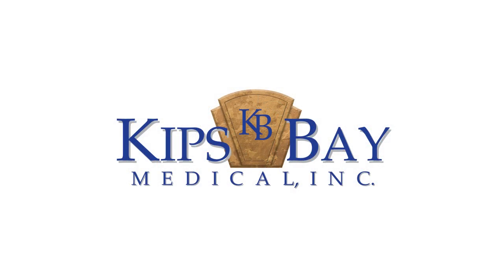Kips Bay Medical, a medical technology company dedicated to advancing, refining, and improving cardiac surgery.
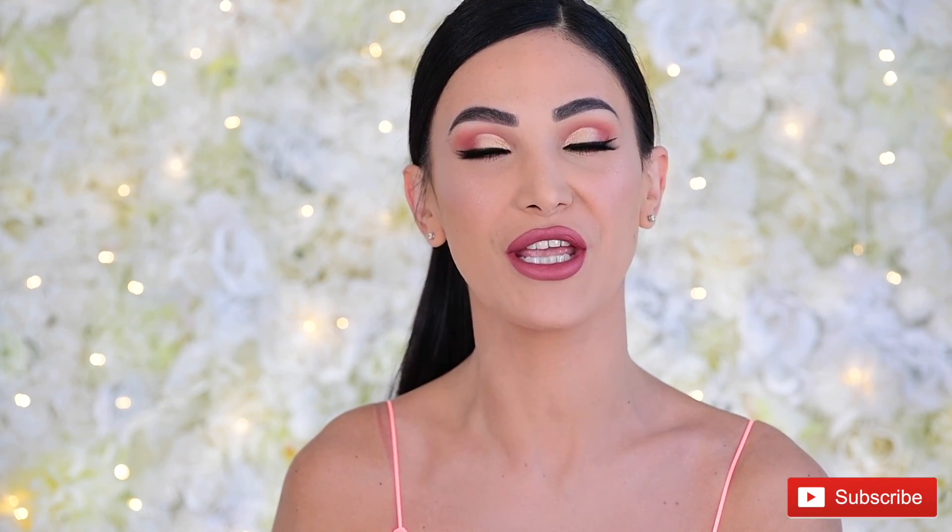Hey guys, welcome back to my channel, and if you're new here, welcome to my channel. Thank you so much for clicking onto this video, and please don't forget to subscribe before you leave.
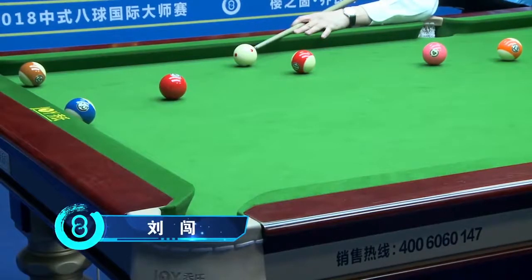And number four, not only the pot from Viltron, but look at his cue ball.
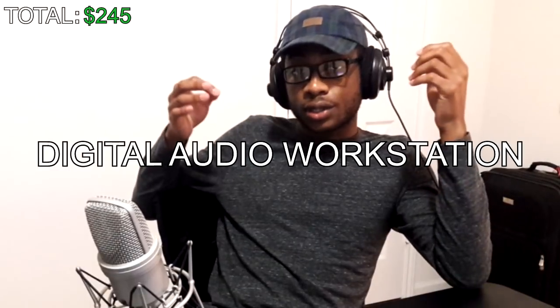Next you're going to need a DAW. DAW stands for Digital Audio Workstation and it's basically the software you use to record and edit your vocals. There are two DAWs that I recommend: Audacity and Reaper. I personally prefer Reaper a lot more, and here's why.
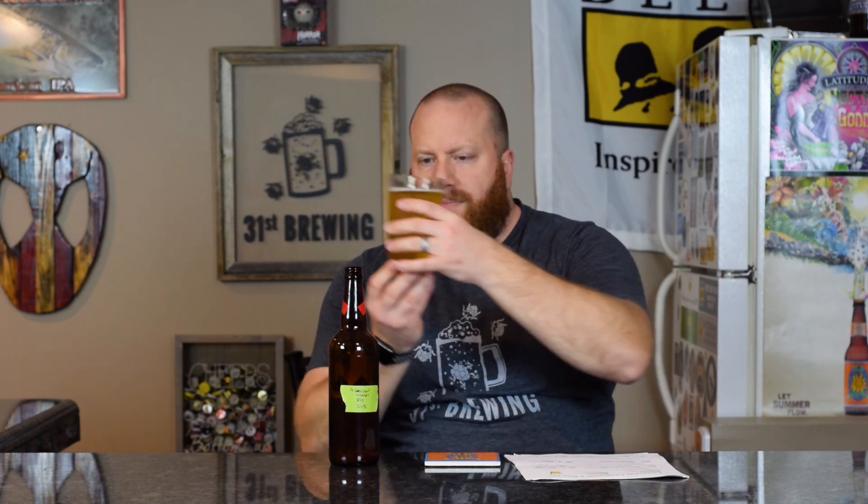The head is almost all small bubbles — I do have a couple larger ones — but the head is fading quickly, about a quarter finger. For the color, it is yellow and a little hazy, hazier than a chill haze. Lots of bubbles coming up. I can see the outline of the light box but cannot really see the bell sticker on the wall. Compared to beer number three with the oats, this one is a little bit hazier.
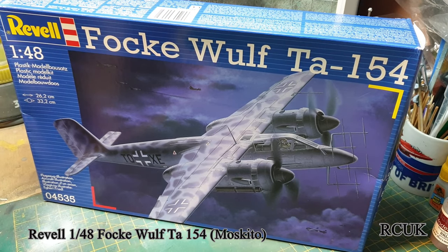Hello, my friends. My name is Darren from RC Scale Models, and today we have another kit review. This one's from Revell, 1/48 scale Focke-Wulf Ta 154.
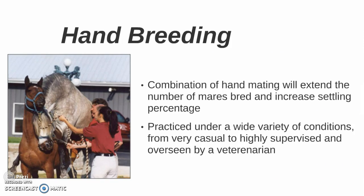Hand breeding is a combination of hand mating that will extend the number of mares bred and increase settling percentages for mares. It is practiced under a wide variety of conditions, from very casual to highly supervised and overseen by a veterinarian.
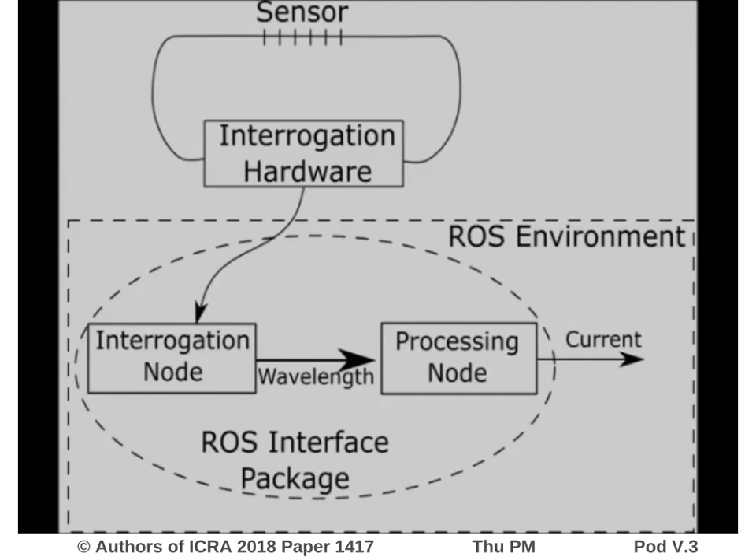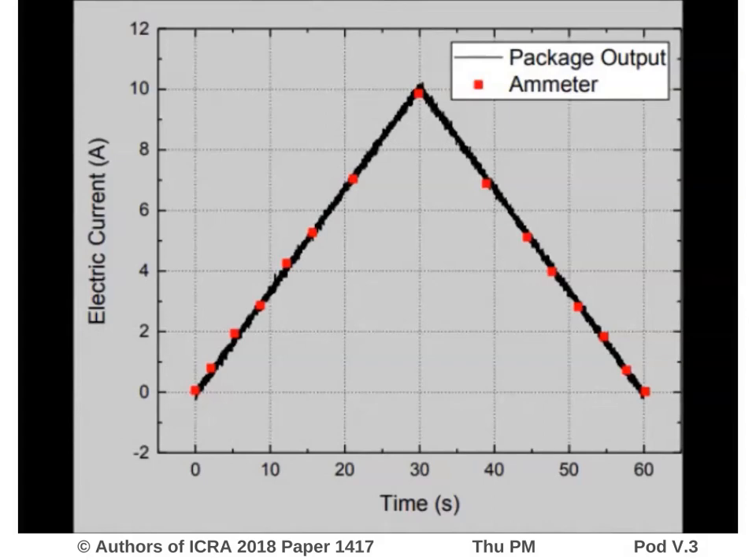The UAV we developed has an onboard computer running control algorithms within the ROS environment. Therefore, we developed the ROS package for interfacing with the sensor. The package consists of two nodes. The interrogation node queries the sensor and publishes the value of the LPFG resonant wavelength. The processing node uses this value along with the calibration curve obtained to calculate the corresponding electric current. The calculated value is made available to any node in the same ROS environment.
_____
• [What you need to do]: Copy out every line above without change, dropping the pictures.

• [Answer to this problem]:
Kips Bay Medical, a medical technology company dedicated to advancing, refining, and improving cardiac surgery.
Hey guys, welcome back to my channel, and if you're new here, welcome to my channel. Thank you so much for clicking onto this video, and please don't forget to subscribe before you leave.
And number four, not only the pot from Viltron, but look at his cue ball.
Next you're going to need a DAW. DAW stands for Digital Audio Workstation and it's basically the software you use to record and edit your vocals. There are two DAWs that I recommend: Audacity and Reaper. I personally prefer Reaper a lot more, and here's why.
The head is almost all small bubbles — I do have a couple larger ones — but the head is fading quickly, about a quarter finger. For the color, it is yellow and a little hazy, hazier than a chill haze. Lots of bubbles coming up. I can see the outline of the light box but cannot really see the bell sticker on the wall. Compared to beer number three with the oats, this one is a little bit hazier.
Hello, my friends. My name is Darren from RC Scale Models, and today we have another kit review. This one's from Revell, 1/48 scale Focke-Wulf Ta 154.
Hand breeding is a combination of hand mating that will extend the number of mares bred and increase settling percentages for mares. It is practiced under a wide variety of conditions, from very casual to highly supervised and overseen by a veterinarian.
The UAV we developed has an onboard computer running control algorithms within the ROS environment. Therefore, we developed the ROS package for interfacing with the sensor. The package consists of two nodes. The interrogation node queries the sensor and publishes the value of the LPFG resonant wavelength. The processing node uses this value along with the calibration curve obtained to calculate the corresponding electric current. The calculated value is made available to any node in the same ROS environment.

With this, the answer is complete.